Why does Hashable require Equatable?

Karl · November 7, 2022, 1:20am

I wouldn't characterise it as "backlash". Just disagreement.

As we frequently say around here, protocols are not just bags of syntax - they have semantic meaning. Hashable primarily exists to support user-defined types in hashed collections. It's the very first sentence of the documentation:

You can use any type that conforms to the Hashable protocol in a set or as a dictionary key.

Equatable is part of the essential semantics for such usage, that is why it is part of the type. It is not, and does not claim to be, the only way to produce digests of custom data. For instance, as I mentioned previously, it does not support custom hashing algorithms, so it can't be used for a high-quality bloom filter in the first place. You would need your own protocol for that, and you are more than welcome to create one.

It is not uncommon that consumers of protocols only need some part of what it offers. As an example, @taylorswift has just posted a thread where they wish for a more limited version of RangeReplaceableCollection which only supported appending (AppendableCollection). Ultimately, protocols are the units of useful abstraction for generic code, where "useful" has to be judged in the context of particular use-cases the authors intend to support.

(as it happens, RRC does have some design flaws in that regard; it is not a particularly useful unit of abstraction due to its lack of ability to maintain positional information across mutations, but that's a separate topic).

It would not be practical to make every function its own protocol, and even if we did so, it would not necessarily allow for more powerful generic abstractions - as more important than the function or type names are the semantics each protocol encapsulates. Hashable types support hashing using a single algorithm only, and require Equatable, as that it what is required to support Dictionary keys and Set elements.

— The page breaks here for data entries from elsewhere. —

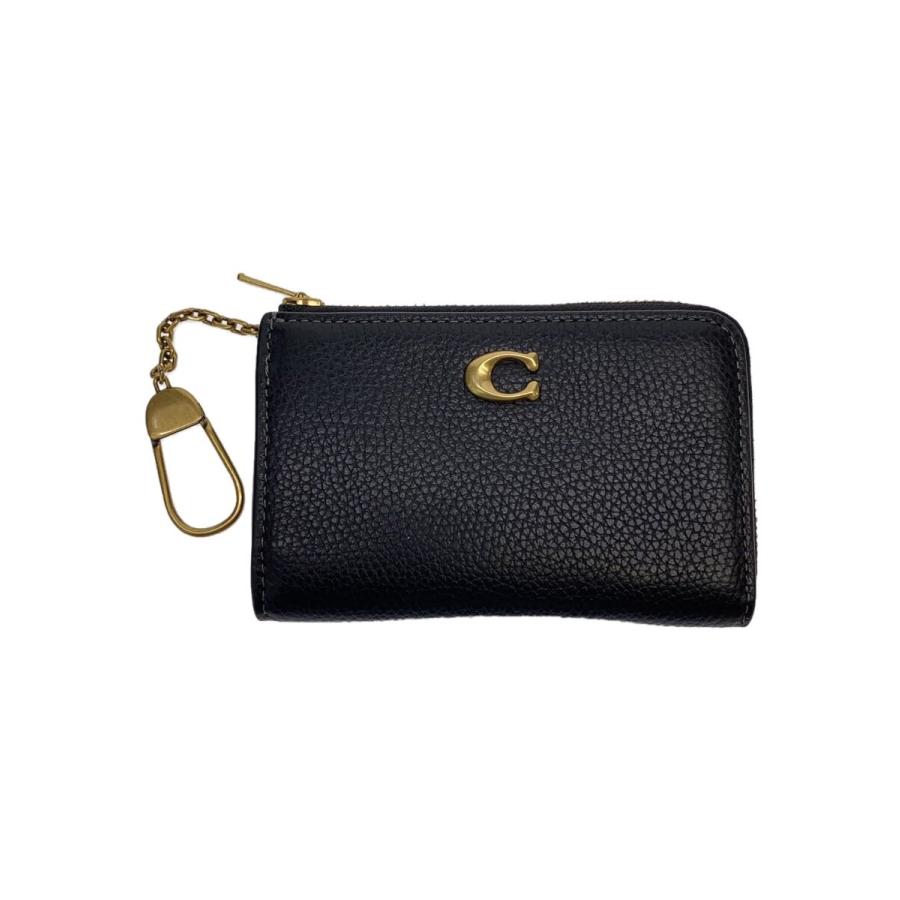 COACH◇エッセンシャルLジップキーケース_ポリッシュドペプルレザー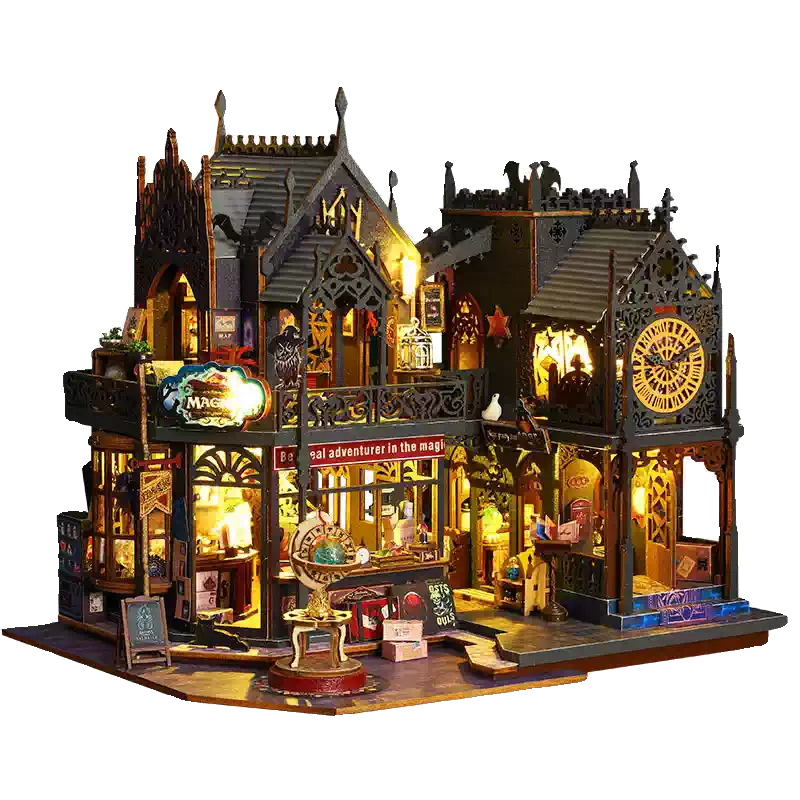 Holo Magic City DIY Miniature House Kit with LED Lights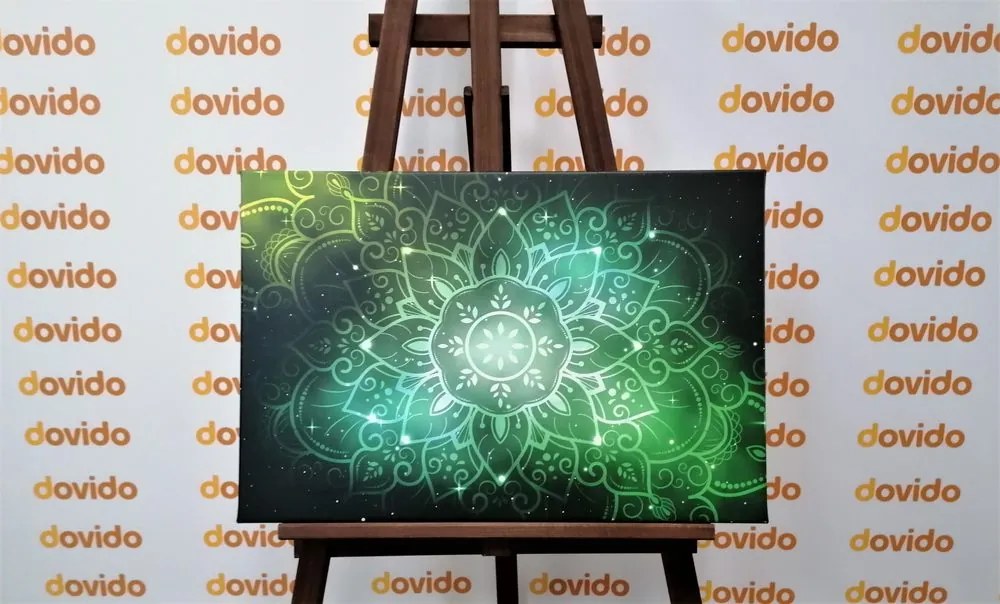 Quadro su tela – Mandala con sfondo galattico in sfumature di verde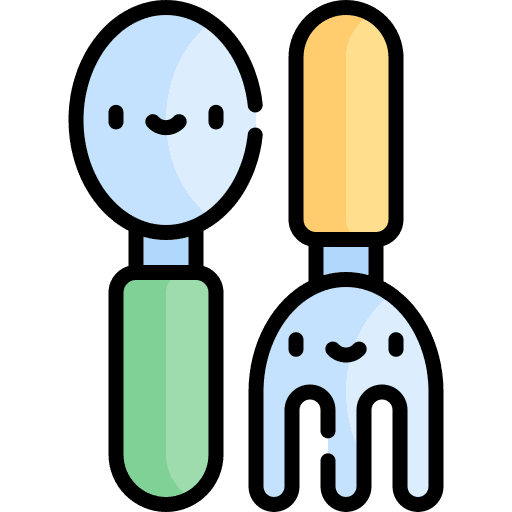 Spoon and fork feeding eat children icon Spoon and fork feeding eat children icon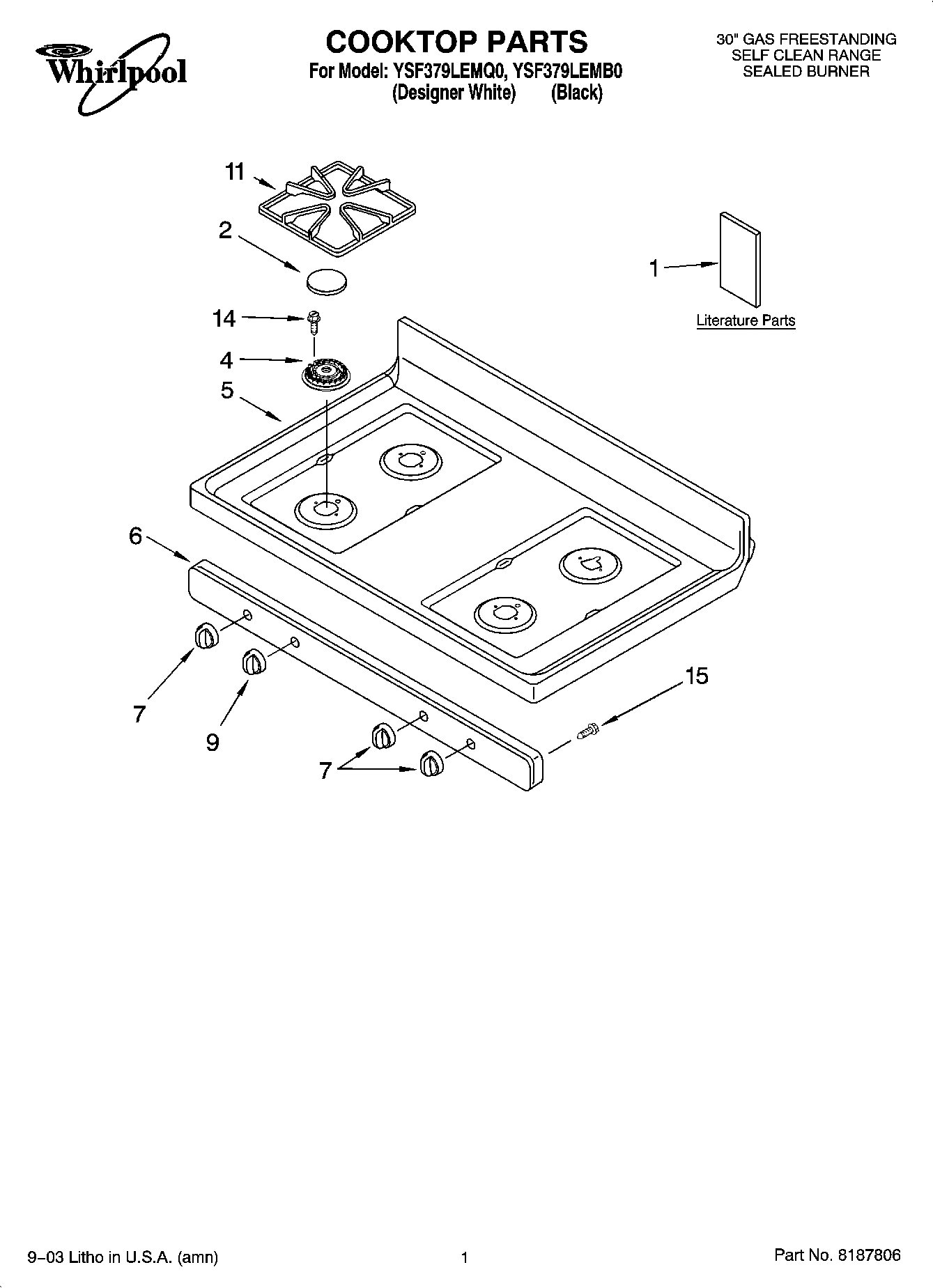 01 - COOKTOP PARTS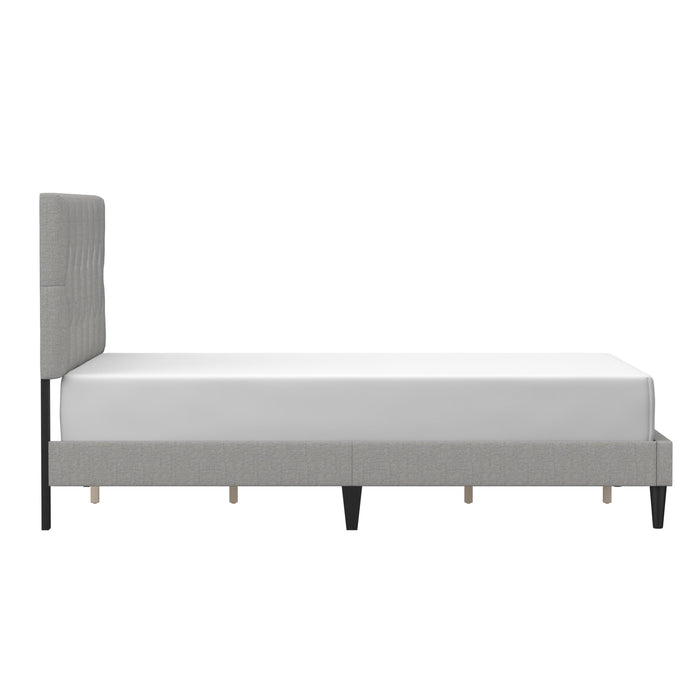 Mainstays Hillside Diamond Tufted Upholstered Queen Platform Bed, Gray - use_like_new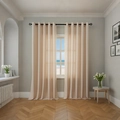 Modern light beige grommet top lace curtains with vertical texture for coastal home decor - Cream Stripes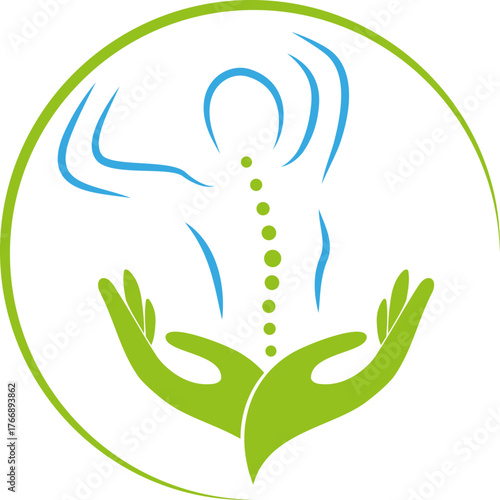 Zwei Hände und Person, Orthopädie, Physiotherapie und Massage Logo, Hintergrund 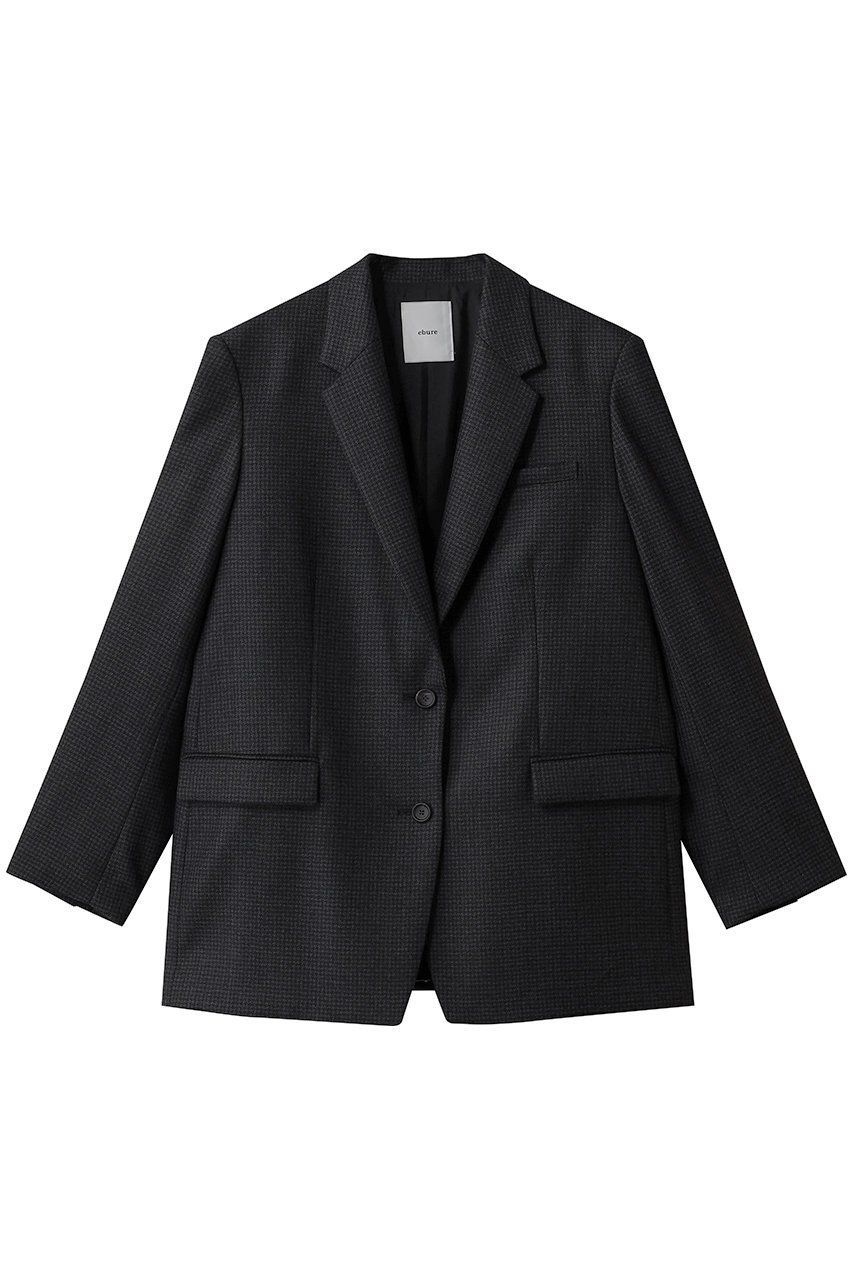 【エブール/ebure】のハウンドトゥース 2釦シングルジャケット インテリア・キッズ・メンズ・レディースファッション・服の通販 founy(ファニー) 　ファッション　Fashion　レディースファッション　Fashion for Women　アウター　Coat / Outerwear Collection　レディースジャケット・軽アウター　Jackets　イタリア　Italy　ジャケット　Jacket, Outerwear　ツイード　Twill, Twill Weave　ハウンドトゥース　Houndstooth, Dogtooth Check　ブローチ　Brooch, Pin Brooch　新作・新入荷　New Arrivals / New In　グレー|ID: prp329100004689485 ipo3291000000033868003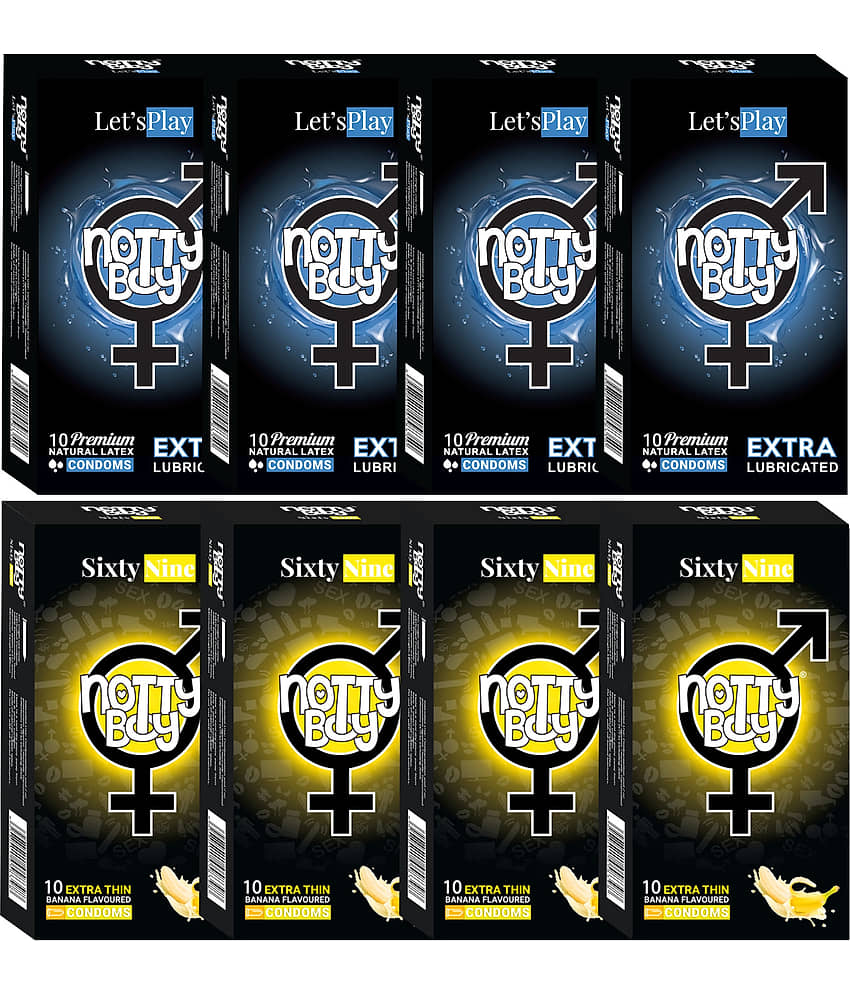 NottyBoy Banana Flavoured and Extra Lubricated Condom (Set of 8, 80 Sheets)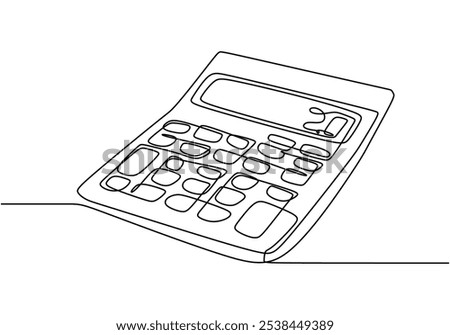 Calculator in continuous one line drawing. Education concept for mathematics and calculations.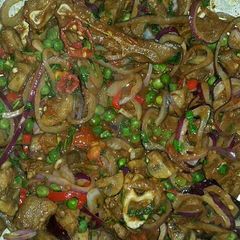 A picture of Succulent Lamb in Mushroom and Chillies.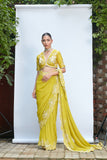 SHEEN GREEN PRE DRAPED SAREE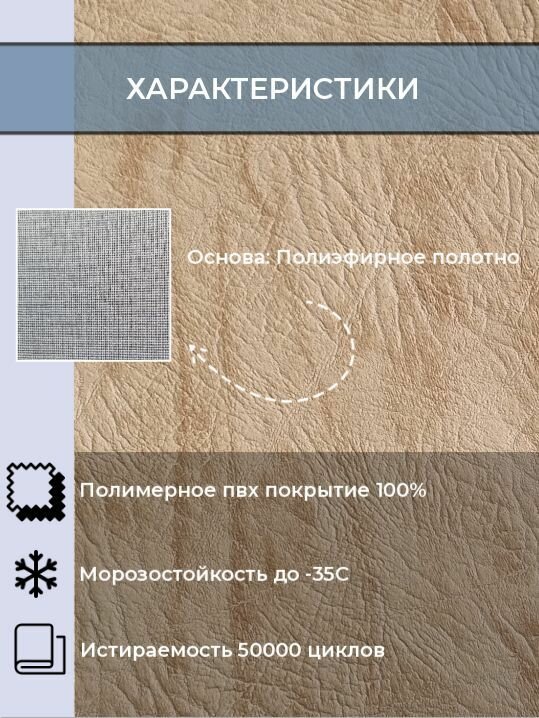 Экокожа, искусственная кожа для рукоделия, мебели, двери, интерьера . Кожзам Отрез 1м, Ширина 1,14м, Плотность: 450 г/кв. м. Цвет: Бежевый — фото 1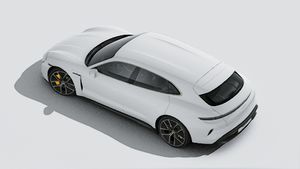 Taycan Turbo S Sport Turismo välisvaade ülevalt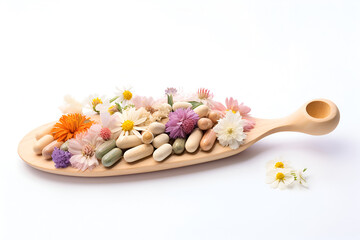 Herbal capsule, natural vitamins, dry calendula and other flowers at wooden spoon. Healthcare and alternative medicine: homeopathy and naturopathy. AI Generative - obrazy, fototapety, plakaty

That is part of its semantics.

Jumhyn · November 7, 2022, 1:21am

I sort of touched on this up-thread, but let me try to be a little clearer: I’m not at all trying to assert that it is impossible to write useful algorithms on a Hashable type which never invoke their corresponding Equatable.== witness. What I am arguing is that when you (properly) implement Hashable there is always some underlying equivalence relation you’re relying on that satisfies the semantics of Equatable, and so it makes sense for the language to enforce this by requiring that Hashable: Equatable.

In the case of your FancySet implementation, you’ve cleverly sidestepped the need to call == heterogenously by using ===, but this usage is still relying on the underlying equivalence relation defined on ObjectIdentifier: you know that a === b iff ObjectIdentifier(a) == ObjectIdentifier(b), and that ObjectIdentifier satisfies the appropriate Equatable/Hashable implementation.

So the ‘issue’ you’re trying to solve by implementing == as fatalError() only arises because you don’t really want individual Node-conforming types to themselves be Hashable (or Equatable) at all. Rather, you only want that you can derive a Hashable value from them based on reference identity (namely, ObjectIdentifier). In fact, if a Node-conforming type tried to implement hashValue as doing anything but your proposed ObjectIdentifier-based implementation, it would potentially cause your FancySet to behave very sub-optimally (because such an implementation might admit many more hash collisions than expected).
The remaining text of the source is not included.